EXERCISE DIRECTIONS:
Your reply should reproduce all the data below exactly while excluding the pictures.
____
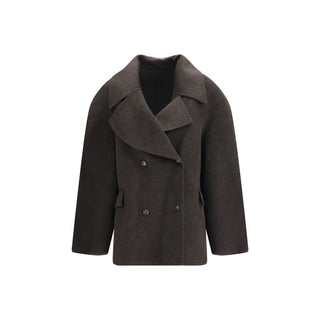 Brown Wool Oves Aries Full-Length Jacket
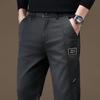 Мужские брюки в стиле Business Casual Осенний модный тренд Сшитые прямые узкие брюки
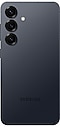 Samsung Galaxy S25 värissä Blueblack, kuvattuna takaa.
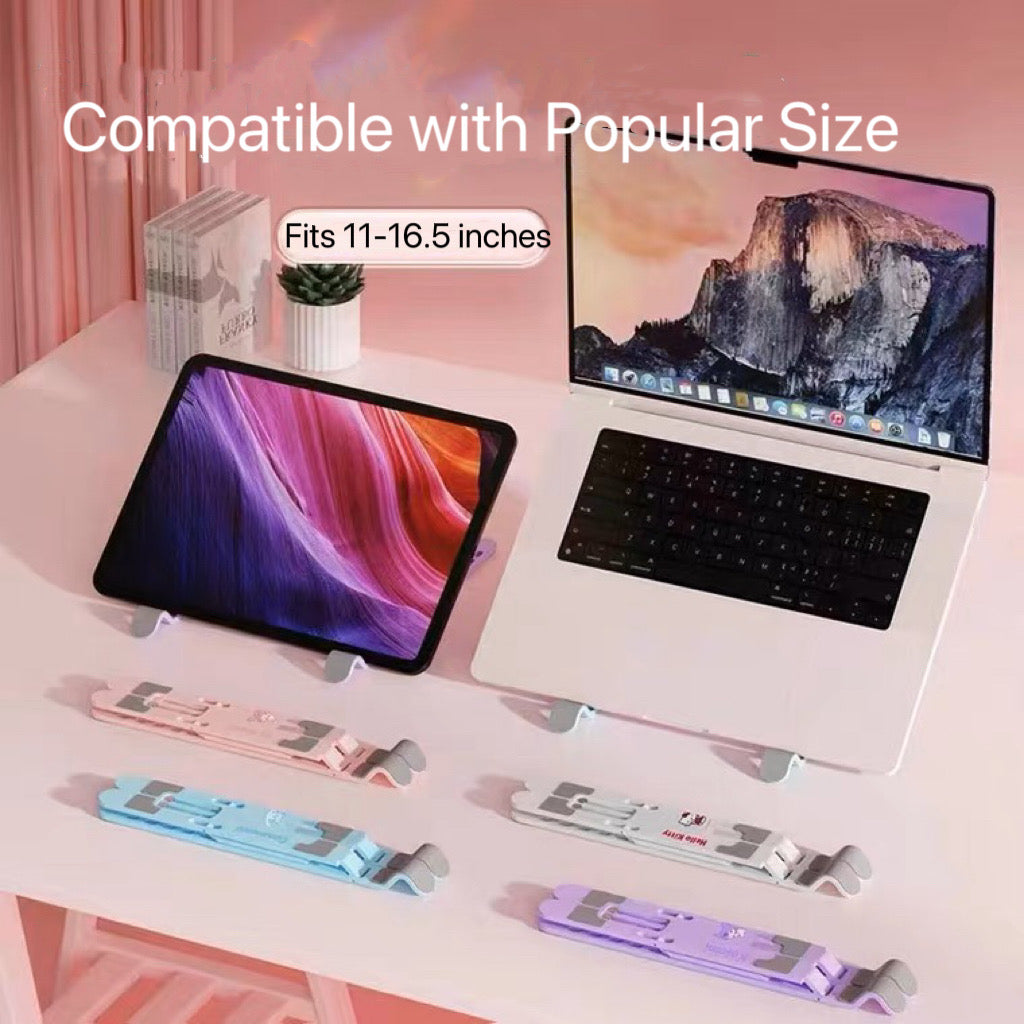 Sanrio Laptop Notebook iPad Multifunctional Stand Adjustable Lift Hello Kitty My Melody Kuromi Cinnamoroll KawaiiGiftLand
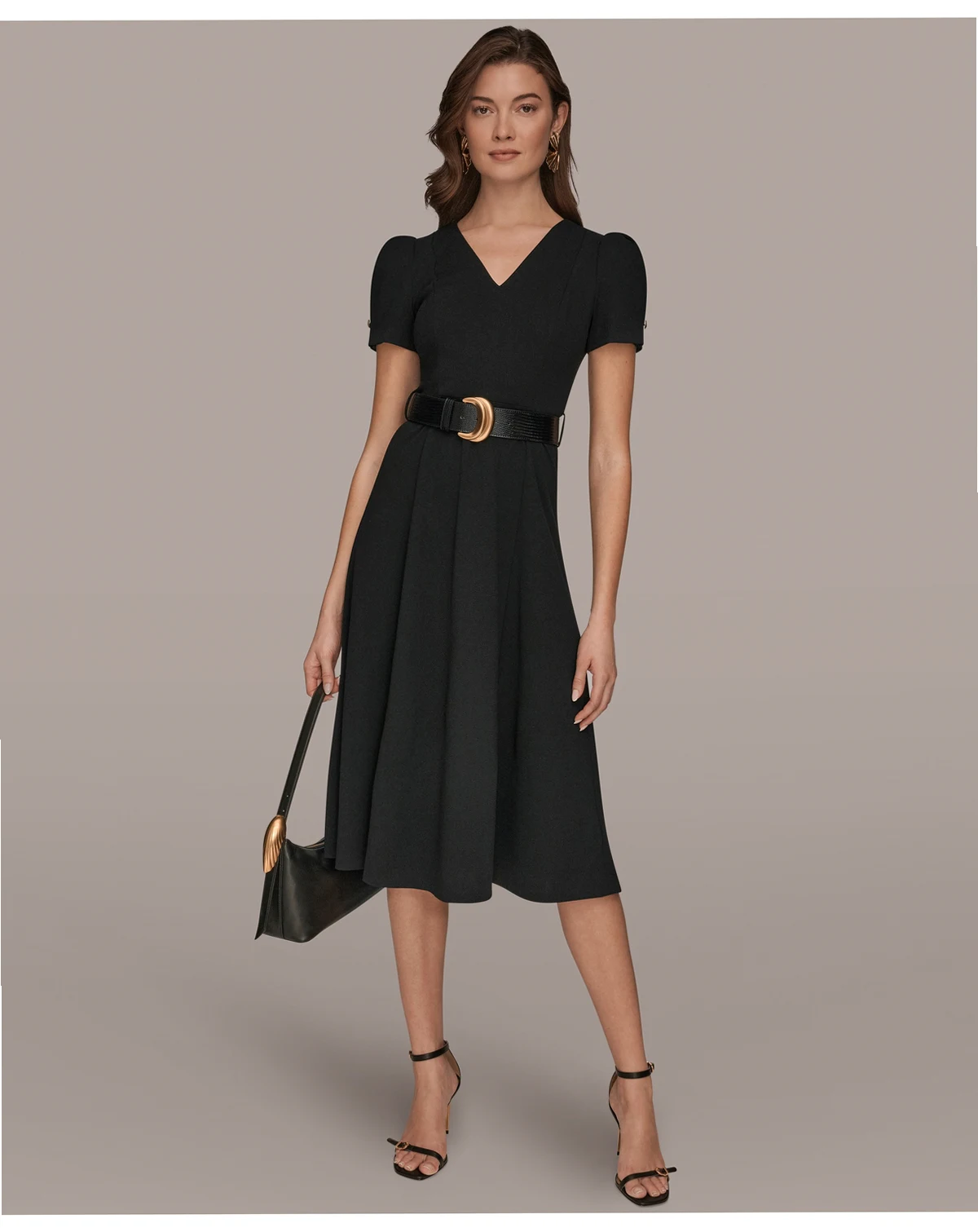 Women's A-Line Midi Dress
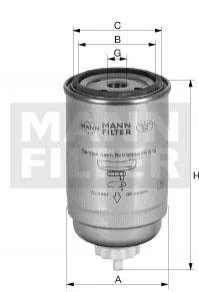 Фільтр палива MANN WK7162X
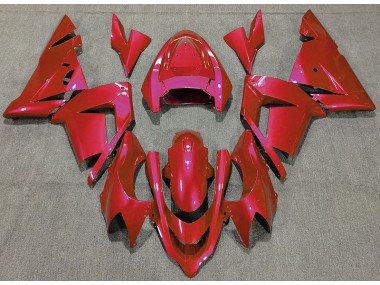 Rouge Brillant 2004-2005 Kawasaki ZX10R Carénage Moto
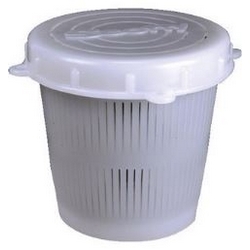 VENTED BAIT JAR WHITE 1L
____
ANSWER TO THE EXERCISE:
 Brown Wool Oves Aries Full-Length Jacket
 Мужские брюки в стиле Business Casual Осенний модный тренд Сшитые прямые узкие брюки
 Samsung Galaxy S25 värissä Blueblack, kuvattuna takaa.
 Sanrio Laptop Notebook iPad Multifunctional Stand Adjustable Lift Hello Kitty My Melody Kuromi Cinnamoroll KawaiiGiftLand
 Women's A-Line Midi Dress
 Фільтр палива MANN WK7162X
 Rouge Brillant 2004-2005 Kawasaki ZX10R Carénage Moto
 VENTED BAIT JAR WHITE 1L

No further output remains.